──────── Material shown

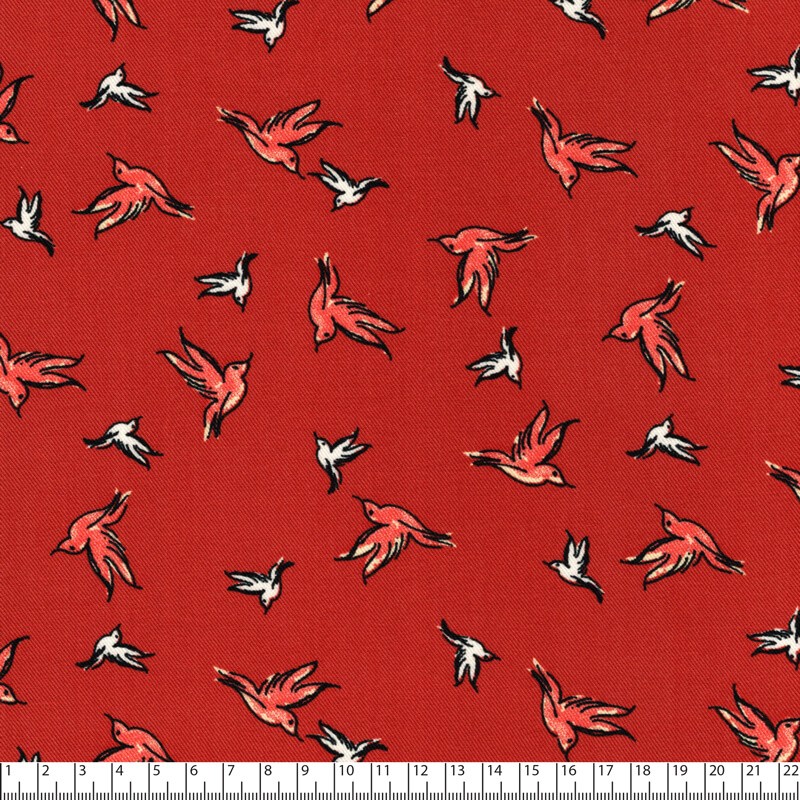 Tissu twill viscose oiseaux fond terracotta Tissu twill viscose oiseaux fond terracotta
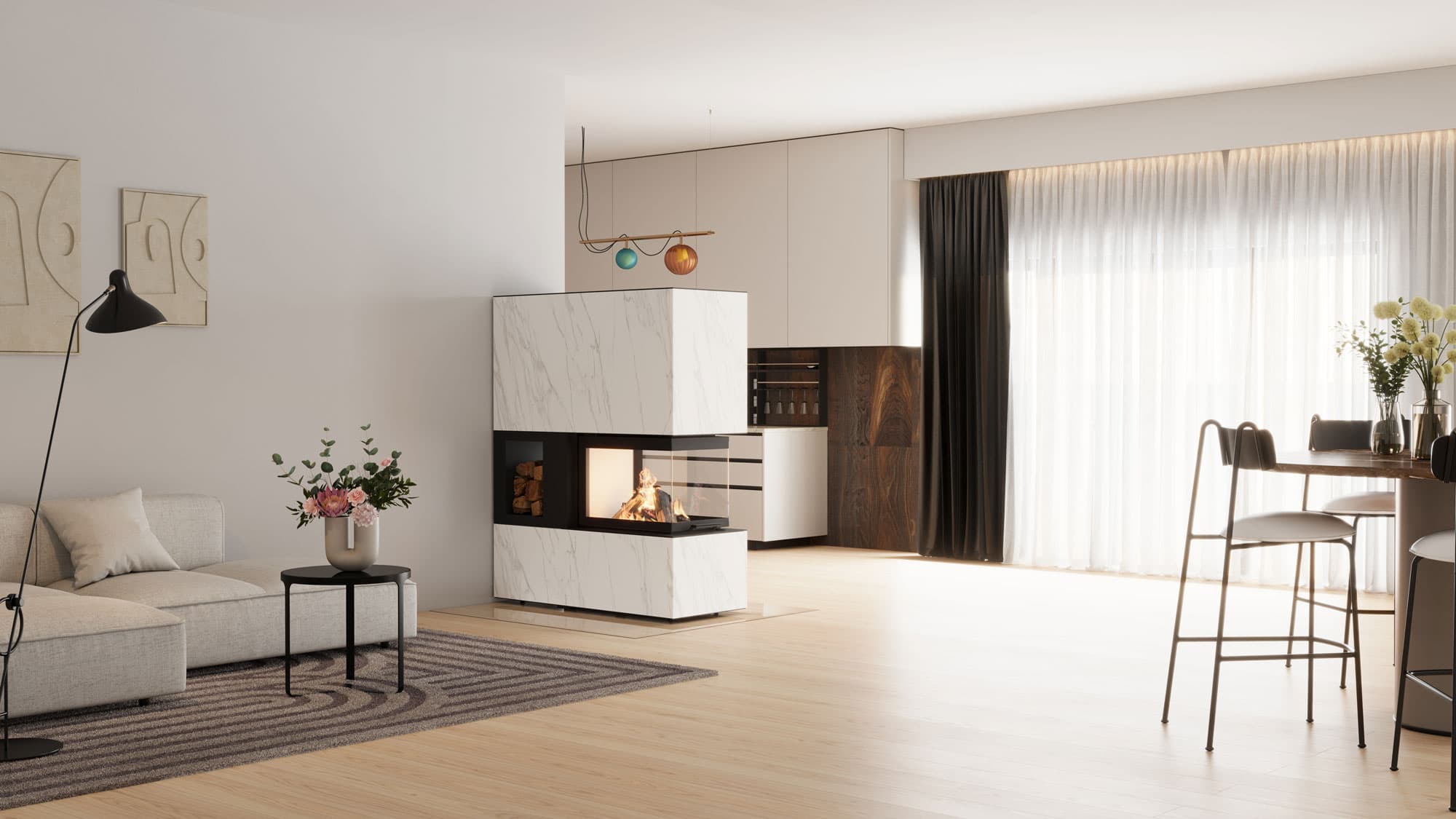 neocube P65 Raumteiler mit integriertem Holzfach in Sinterkeramik Calacatta, 15 kW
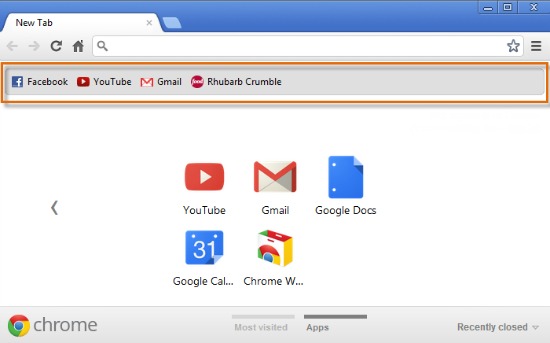 Chrome's bookmark bar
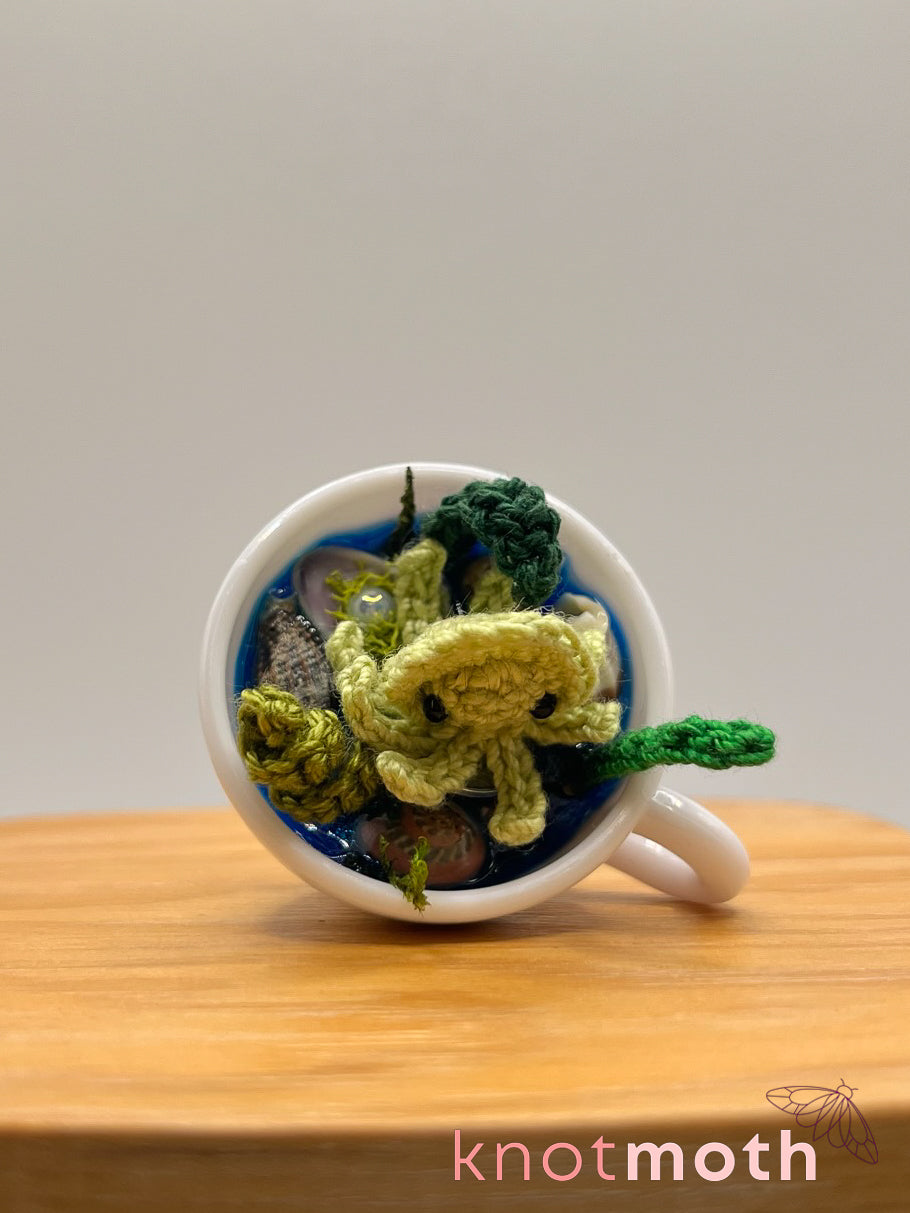 sage squid micro crochet teacup trinket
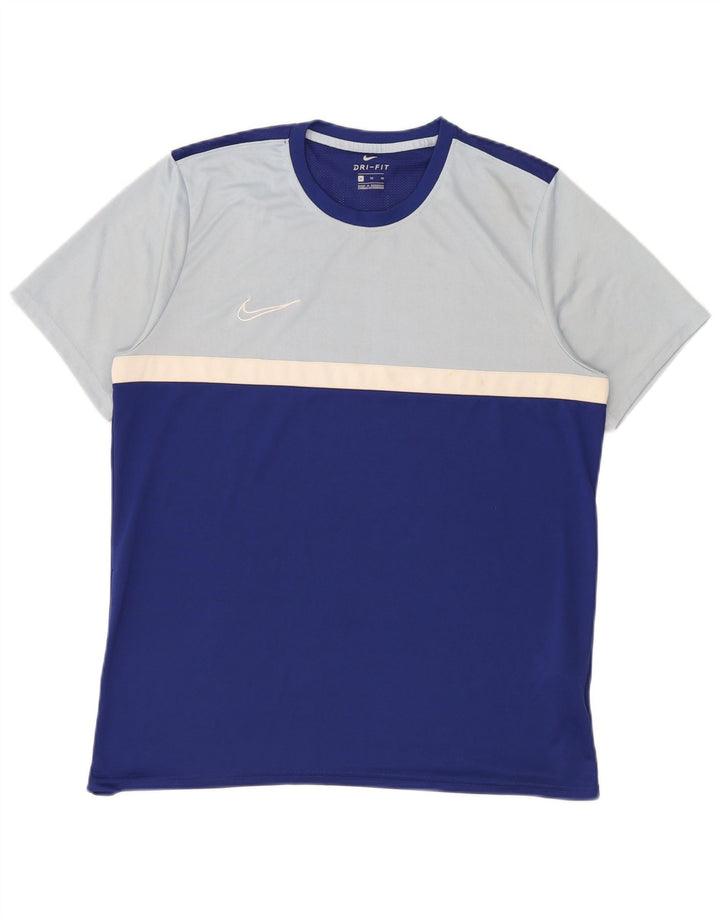 Męski T-shirt Nike Dri Fit Top XL Niebieski poliester z blokami kolorów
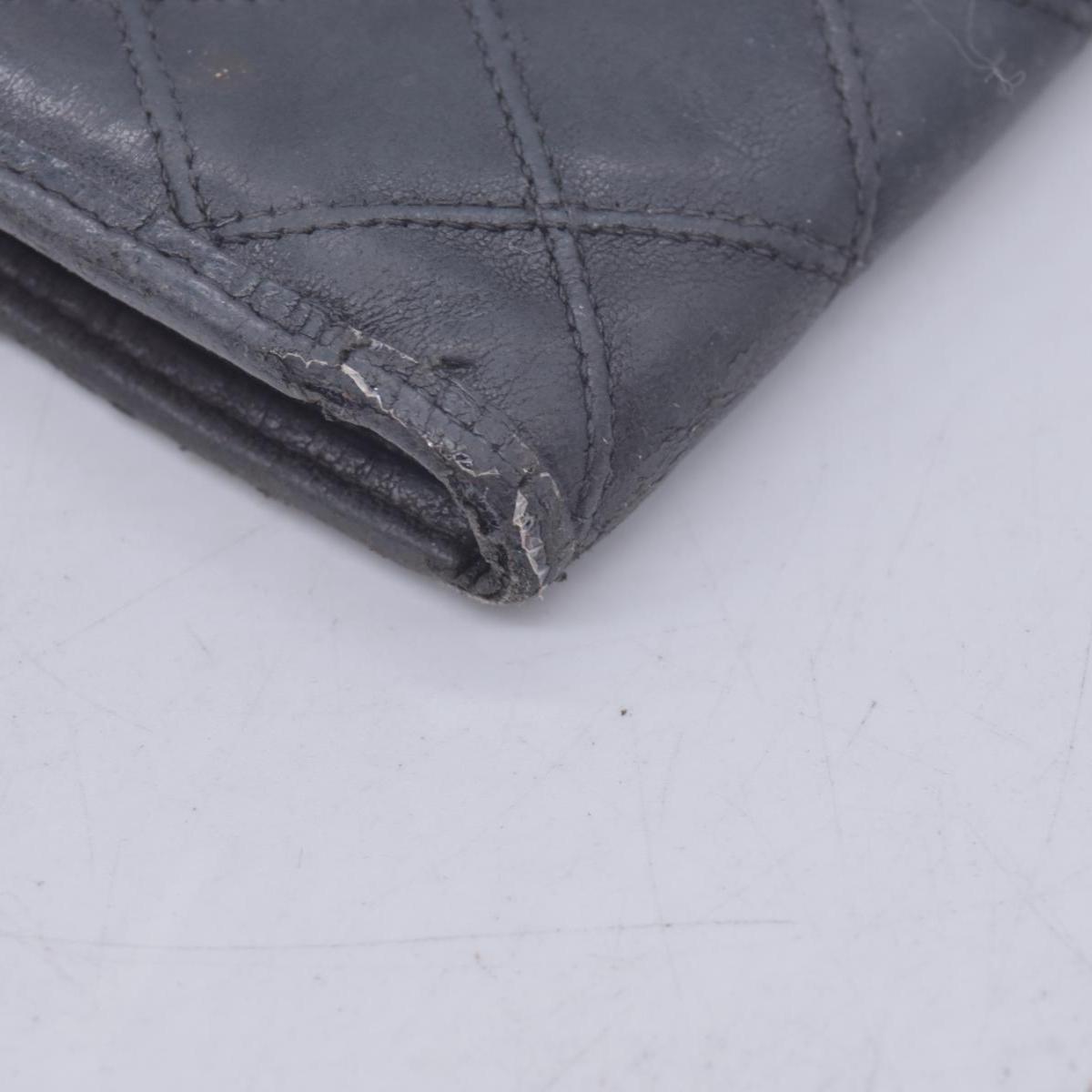 $950 CHANEL Black Quilted Leather Bifold Flap Wallet CONSIGNMENT 10021581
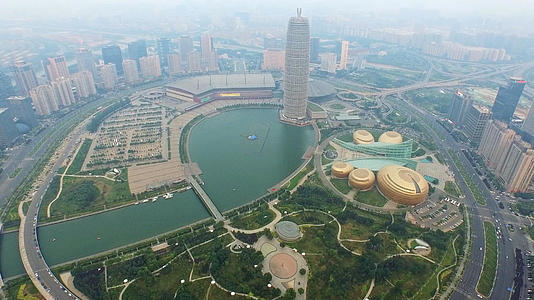 河南郑州东城市航拍视频的预览图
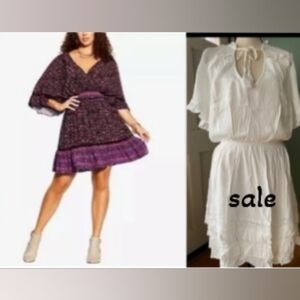 New Starling Reine women’s ivory  boho ruffle short sleeves tassel dress Sz XS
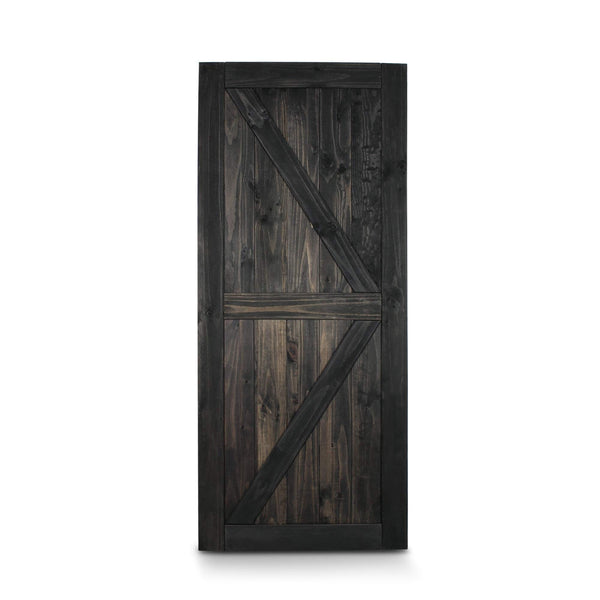 Barn Door Panel Sliding Door Slab Pre-Drilled Ready to Assemble Pine Wood Dark Grey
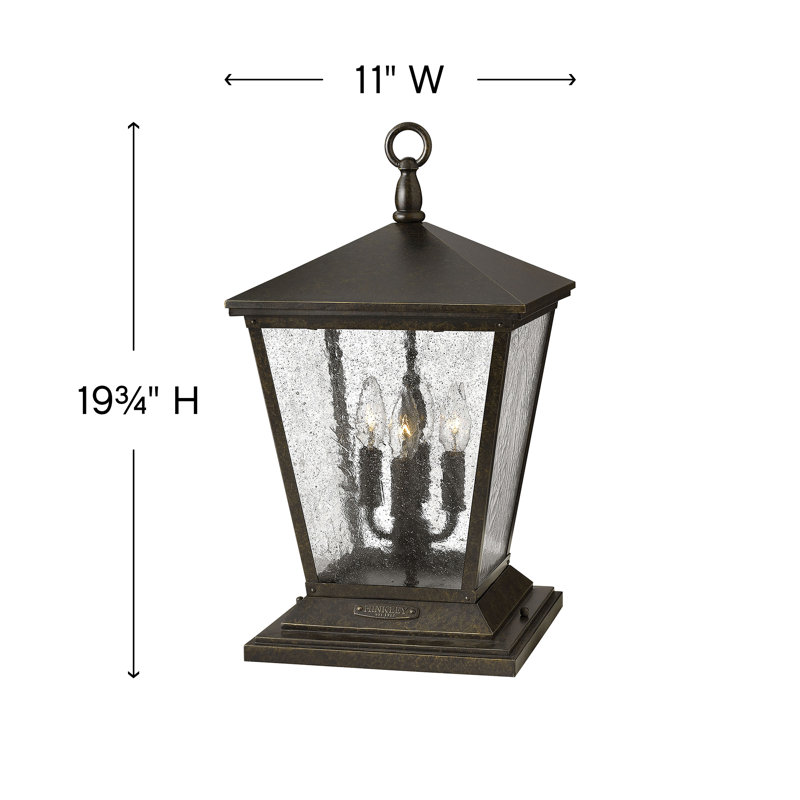 Trellis 1 -Light 19.75" H Hardwired Pier Mount Light, Regency Bronze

────────────────

- [Prompt] Return exactly the part of the listing above that opens with the line containing "Chrome's bookmark bar" and closes with the line containing "Barn Door Panel". Pictures stay out.

- [Task result]
 Chrome's bookmark bar
 sage squid micro crochet teacup trinket
 Męski T-shirt Nike Dri Fit Top XL Niebieski poliester z blokami kolorów
 $950 CHANEL Black Quilted Leather Bifold Flap Wallet CONSIGNMENT 10021581
 河南郑州东城市航拍视频的预览图
 New Starling Reine women’s ivory  boho ruffle short sleeves tassel dress Sz XS
 Barn Door Panel Sliding Door Slab Pre-Drilled Ready to Assemble Pine Wood Dark Grey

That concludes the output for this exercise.